[Directions for this task] Reproduce the entries below exactly, but only from the line containing "Futuristic Gatling Gun Tower 3D Model" to the line containing "Giroletto con Testiera", inclusive.
Top of Material shown
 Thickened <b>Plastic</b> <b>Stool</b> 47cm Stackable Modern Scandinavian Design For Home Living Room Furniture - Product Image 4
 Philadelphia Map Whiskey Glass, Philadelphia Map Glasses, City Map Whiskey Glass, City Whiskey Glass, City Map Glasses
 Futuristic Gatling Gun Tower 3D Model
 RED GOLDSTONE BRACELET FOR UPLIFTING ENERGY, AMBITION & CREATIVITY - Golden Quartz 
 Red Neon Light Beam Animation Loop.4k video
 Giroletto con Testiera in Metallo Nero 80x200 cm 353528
Bottom of Material shown
Top of Material shown
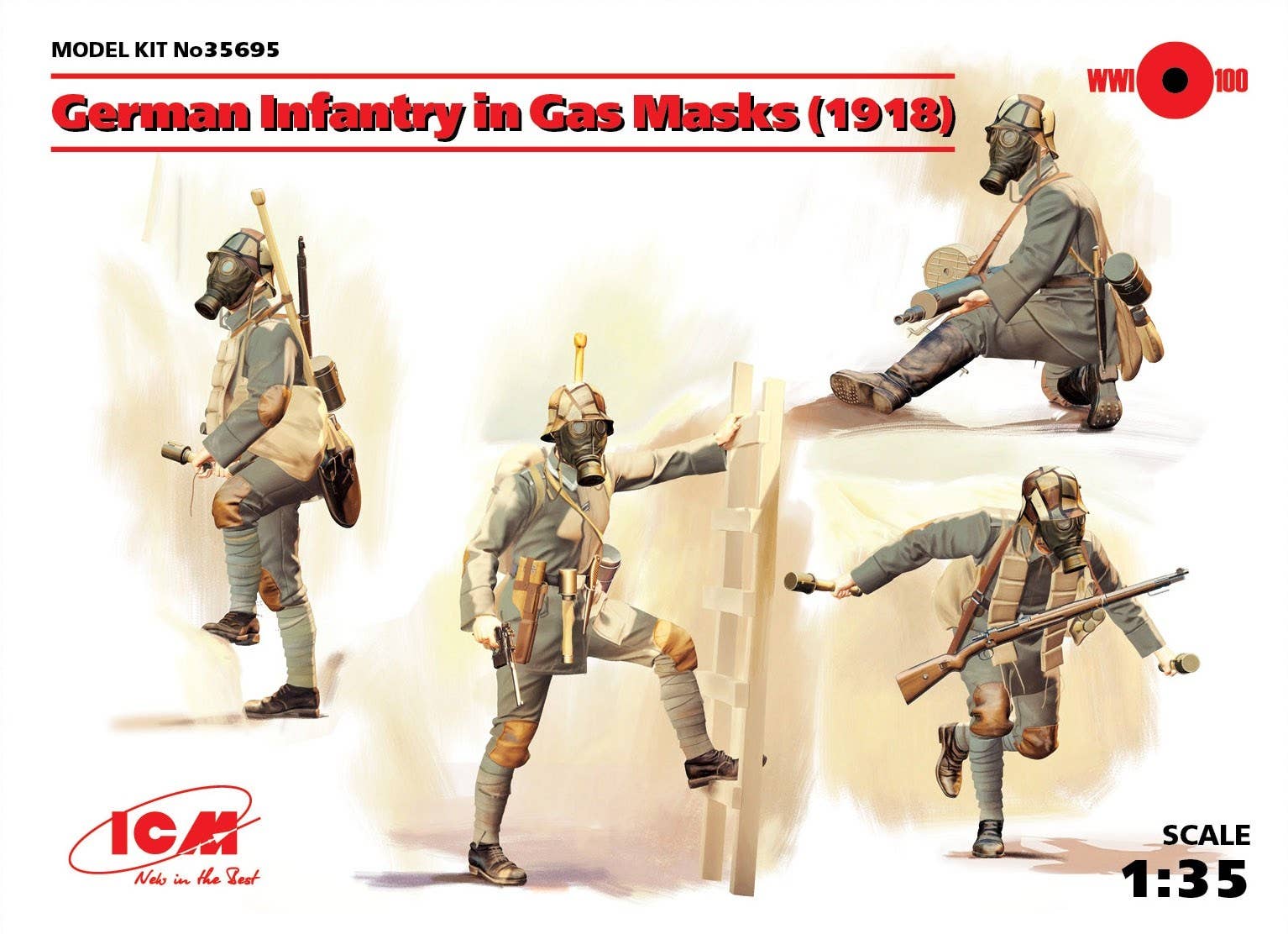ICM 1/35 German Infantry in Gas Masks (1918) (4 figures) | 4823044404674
Bottom of Material shown
Top of Material shown
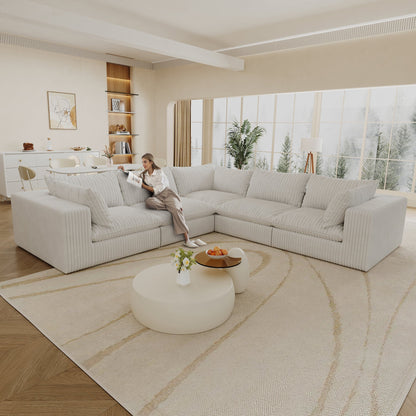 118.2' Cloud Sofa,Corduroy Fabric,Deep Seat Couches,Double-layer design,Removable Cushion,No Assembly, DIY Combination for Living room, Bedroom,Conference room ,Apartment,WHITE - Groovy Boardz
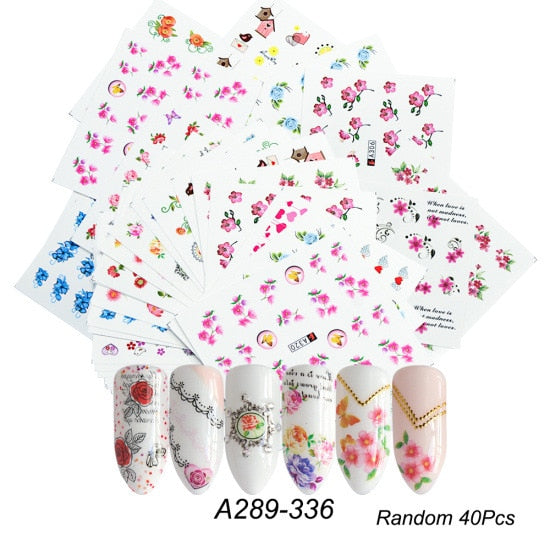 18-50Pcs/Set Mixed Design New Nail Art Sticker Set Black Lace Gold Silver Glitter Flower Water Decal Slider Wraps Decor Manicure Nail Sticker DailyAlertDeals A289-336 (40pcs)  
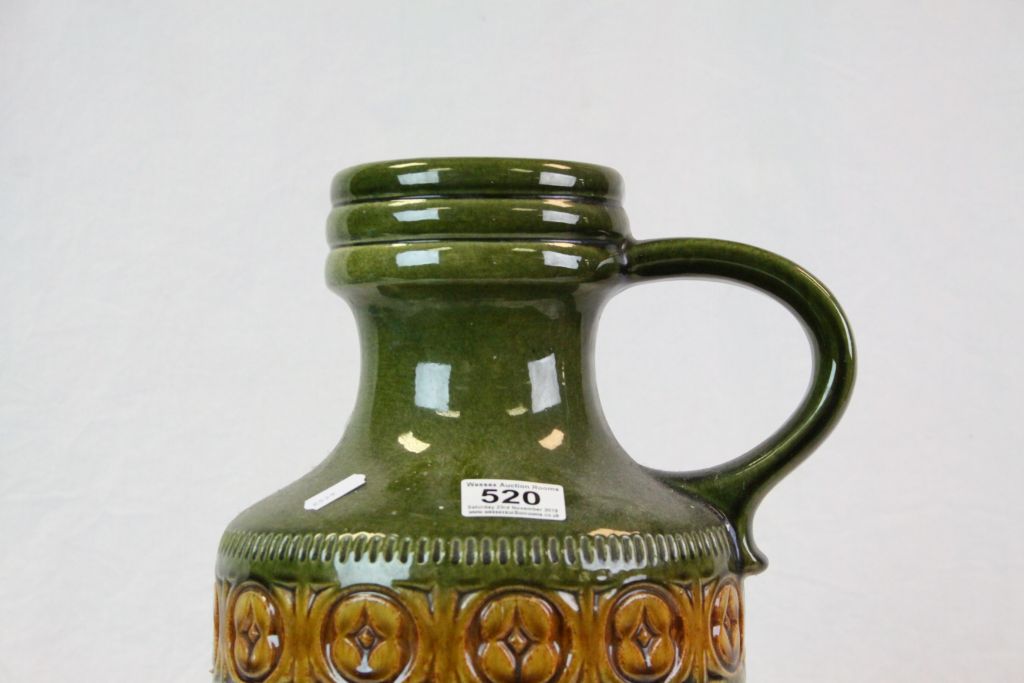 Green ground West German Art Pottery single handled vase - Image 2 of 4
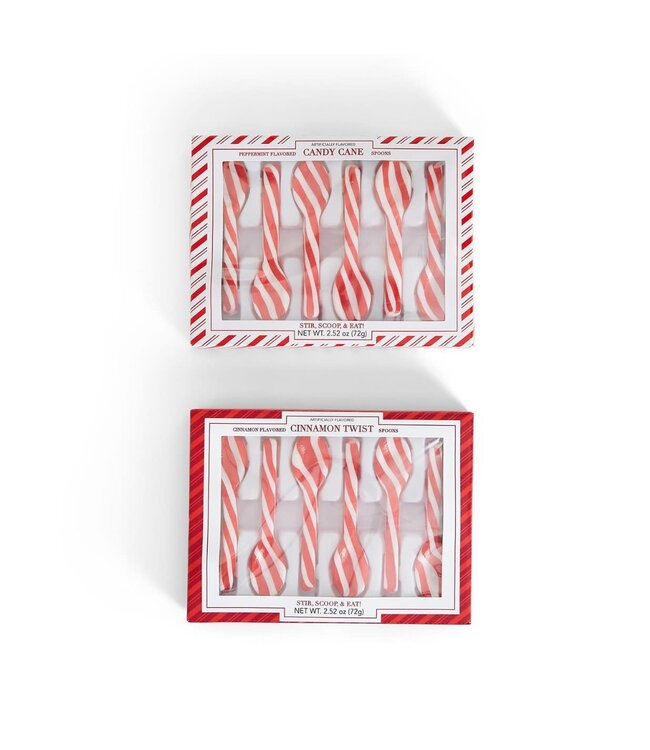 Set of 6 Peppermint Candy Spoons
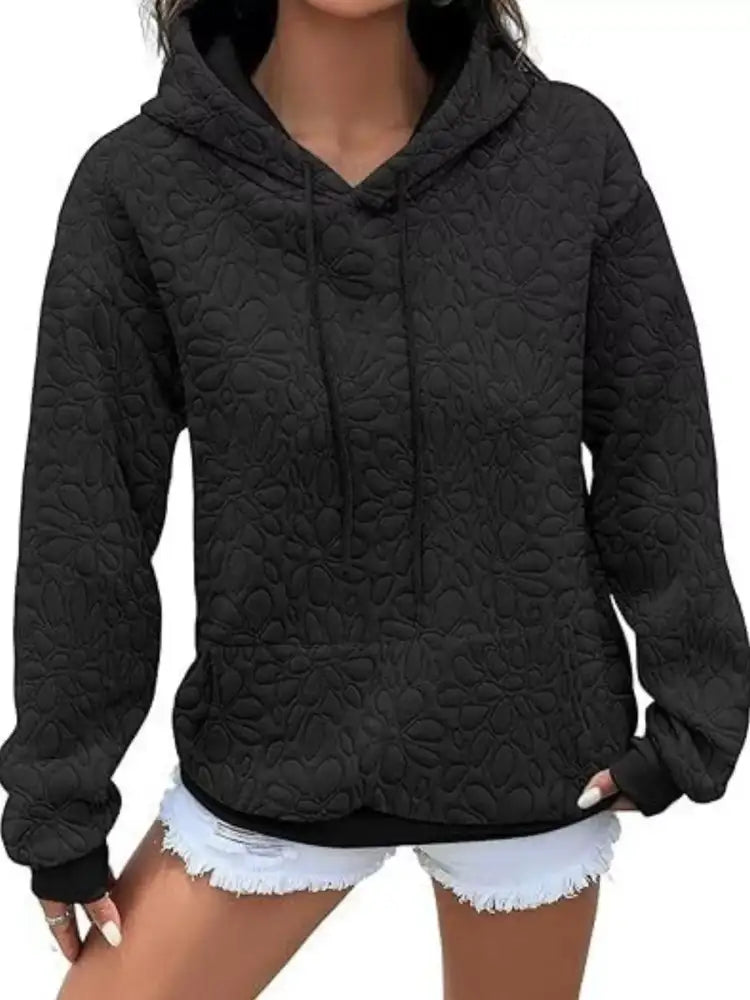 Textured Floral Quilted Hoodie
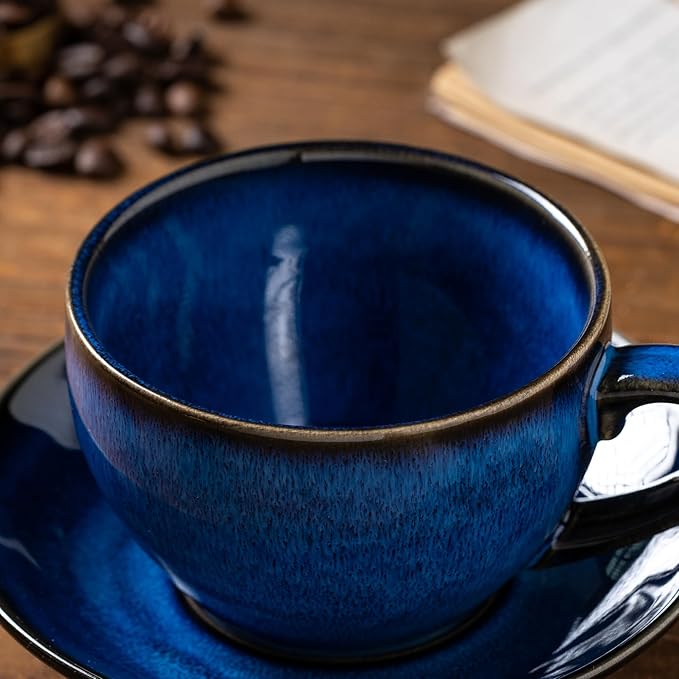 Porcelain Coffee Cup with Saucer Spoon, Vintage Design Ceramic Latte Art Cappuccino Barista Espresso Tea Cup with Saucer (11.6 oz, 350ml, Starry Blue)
Bottom of Material shown
[Response area]
 Futuristic Gatling Gun Tower 3D Model
 RED GOLDSTONE BRACELET FOR UPLIFTING ENERGY, AMBITION & CREATIVITY - Golden Quartz 
 Red Neon Light Beam Animation Loop.4k video
 Giroletto con Testiera in Metallo Nero 80x200 cm 353528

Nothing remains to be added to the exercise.